==== Given data ====

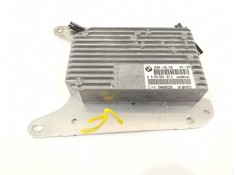 Recambio de modulo electronico para bmw x6 (e71) 3.5d referencia OEM IAM 6791076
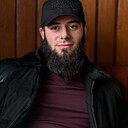 Знакомства: Амир, 29 лет, Волгоград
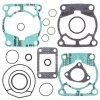 Top End Gasket Kit WINDEROSA TEGS 810338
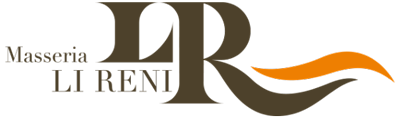 Masseria Li Reni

====

* **Goal of the exercise**
Leave out the pictures and copy the rest of the material above exactly.

* **Response below**
 Recambio de modulo electronico para bmw x6 (e71) 3.5d referencia OEM IAM 6791076
 Знакомства: Амир, 29 лет, Волгоград
 Top End Gasket Kit WINDEROSA TEGS 810338
 Masseria Li Reni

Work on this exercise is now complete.